Personal information
- Born: October 17, 1946 (age 79) Elgin, Texas, U.S.
- Height: 4 ft 11.75 in (152 cm)
- Weight: 90 lb (41 kg)

Sport
- Sport: Athletics

Medal record
Marathon
Major marathons
Representing United States
| Bronze medal – third place | 1976 Boston | Marathon |
| Gold medal – first place | 1977 Chicago | Marathon |

= Dorothy Doolittle =

American marathon runner and athletics coach

Dorothy Doolittle (born October 17, 1946) is an American former marathon runner and athletics coach, who won the inaugural Chicago Marathon in 1977. She was an assistant coach of the US Women's team at the 1992 Summer Olympics.

==Early life==
Doolittle was brought up in Elgin, Texas. She studied at the University of Mary Hardin–Baylor in Belton, Texas. At her college, women could only run in events up to 800m.

==Career==
Doolittle's first competitive event was the 1973 Houston Marathon. In 1975, Doolittle won the Houston Marathon, and the Rice Festival Marathon in Crowley, Louisiana. In 1976, she won the White Rock Marathon (now the Dallas Marathon), and came third at the Boston Marathon. She forgot to wear her running watch at the Boston Marathon, which she believes cost her many minutes of time, and a chance of victory. At the time, she was recorded as being the eight fastest female marathon runner in the world, and the fastest in Texas state. In the same year, Doolittle won the marathon event at the Amateur Athletic Union Championships.

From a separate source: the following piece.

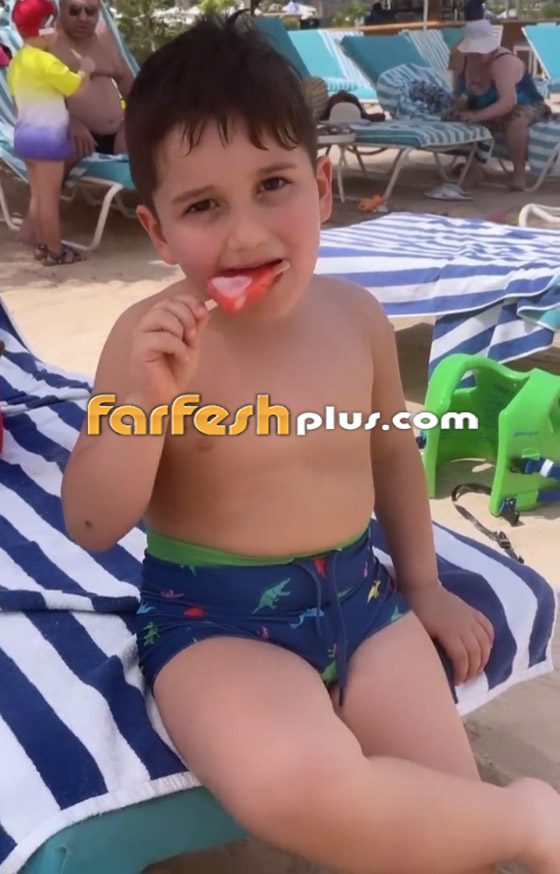 صور ابن سيرين عبد النور بالمايوه والآيس كريم على شاطئ البحر! صورة رقم 1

In 1977, Doolittle won the Houston Marathon again, in a record time. As such, she was invited to attend the inaugural Chicago Marathon. She had to pay an entrance fee of $5 to enter the race, and paid for her own transport to the event. Doolittle won the race, in a time of 2:50:47, winning the race by over four minutes. Later in the year, Doolittle lost the trophy that had been awarded to her for winning the event. The 1977 Chicago Marathon was Doolittle's last competitive race.

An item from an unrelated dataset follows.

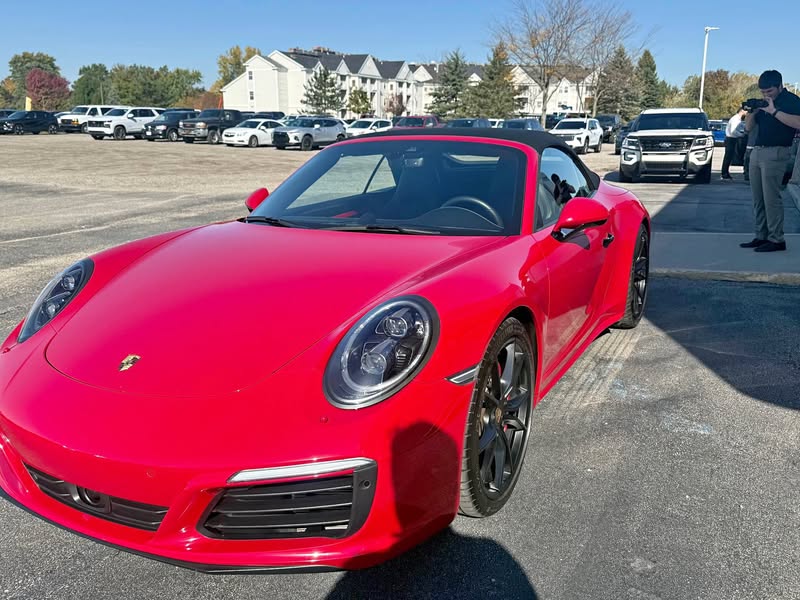 2017 Porsche 911 - Carrera 4S Cabriolet 2D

In 2002, Doolittle competed at the 5,000 meter race that accompanied that year's Chicago Marathon. It was the first time Doolittle had attended the marathon since her victory.

===Coaching career===
Doolittle has coached at high schools and colleges including Westlake High School, Hill Country Middle School, and the Universities of Missouri, Houston, Stanford and Tennessee. She was head coach at Tennessee from 1989 to 1997, and whilst coaching there, she was selected as coach of the US women's team for the 1991 Pan American Games. She was also an assistant coach of the US women's team at the 1992 Summer Olympics in Barcelona, Spain. In 1993, Doolittle was given the NACDA/USOC Collegiate Olympic Coaches award. Doolittle returned to Elgin in 1999, to teach in the Elgin Independent School District.